On that last point storyboard would usually point out to his students that Coriolanus was lauded the best of Shakespearean tragedies by literary greats such as T.S. Eliot. Ironically, however, it is the only play where you find more swearing than in any other Shakespearean drama. But we do get the point, don’t we? It is considered the best because of its ordinariness in character study. Coriolanus gets into the habit of addressing the plebeians as “curs” and as people less deserving of Rome’s lofty mannerisms and sentiments of intellectual enlightenment. That of course leads him to so much pride and arrogance and eventually to his downfall.  But the gist in all this as far as character study goes is the way Lady Volumnia influences him into taking up a position in the hierarchy of the Roman senate. He does get to the top but of course there are men such as Brutus and others to reckon with.
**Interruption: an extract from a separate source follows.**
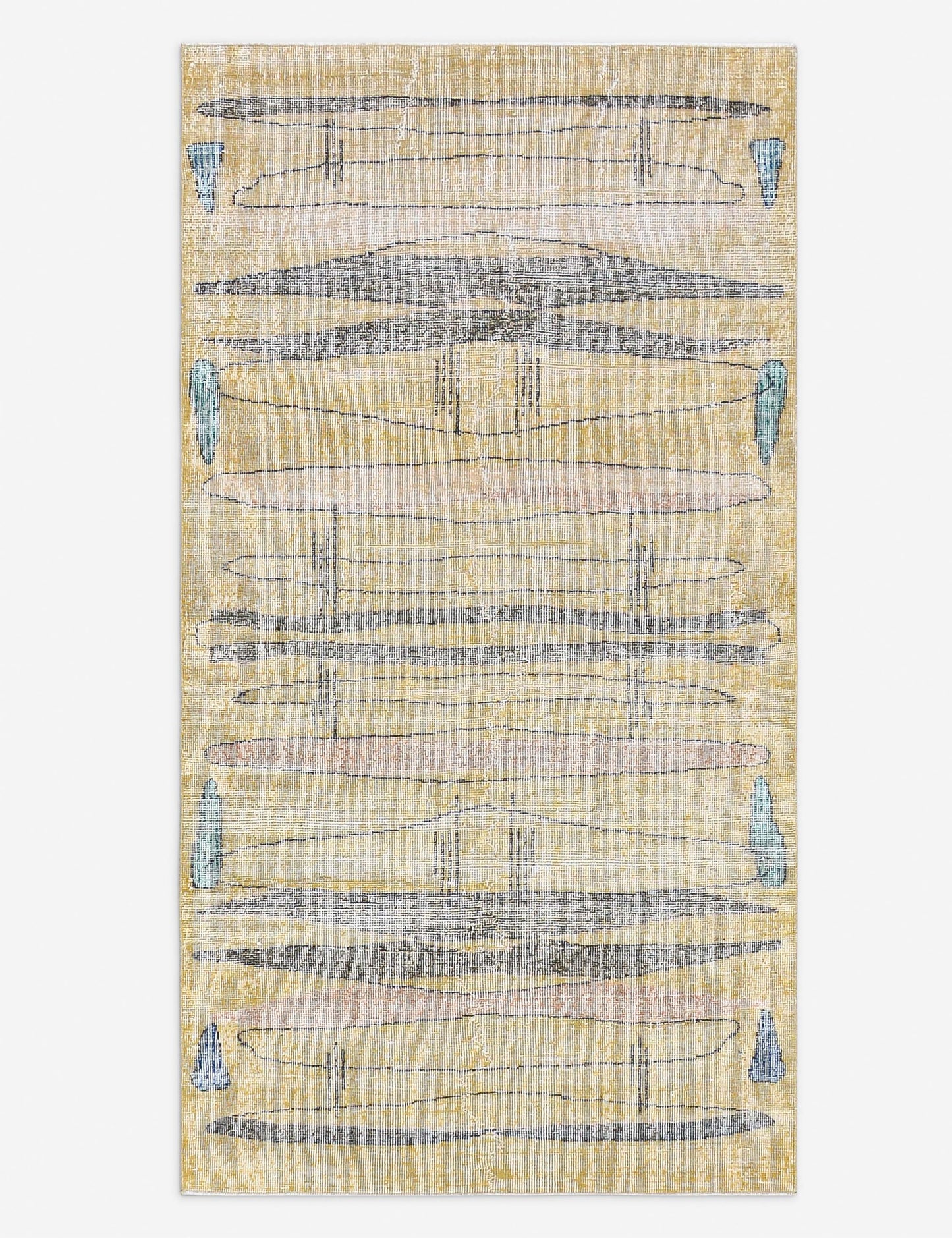 Tapis turc vintage en laine noué à la main n° 498, 90 x 210 cm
And now back to the question of how Shakespeare would fare in a country like ours. Would he step aside as the bard of England? Yes, he did step aside at a much younger age than many of us think. That was when he made just enough to retire to his village at Stratford-upon-Avon. He had land; he had a family to fend for. But in many respects he had been the most fortunate of writers and artists who lived at a time when the monarchy itself became the great lover of literature, the arts and the theatre. Everywhere she went, particularly in the provinces, Queen Elizabeth I had asked for nothing more than a cultural fete or festivity. She would of course be the one responsible for this word ‘royalty” a sort of stipend paid to writers and artists at her bidding and which nowadays assumes so many roles as the “paymaster” of all sorts of trades and set ups here and there – quite, quite removed from the world of belles letters...
But wait, what’s that place I see yonder? Pray, dinghy operator, cut down the throttle; heave thy vessel closer, shoreward. Is that Bogaboga I see? Looks bucolic enough; isolated, idyllically enchanting and far removed from the noise of Port Moresby. Pray, operator, leave me here, on these remote shores, and don’t come back for me. But wait again, what’s that I hear up the beach. Voices. More voices. “Welcome home, storyboard! Where’s our sugar? Where’s the tea? And the rice and tinned fish? And hap spear? Some buatau?”

“Dear oh dear, talk about stepping aside. Let the nakimis and tambu lewas take over the whole global theatre then,” chuckles the bard. Backstage, the bard is heard drinking wine, cackling and cracking jokes with the youth of Stratford (or is it rather the youth of Bogaboga and Tototo?).

                               MERRY CHRISTMAS!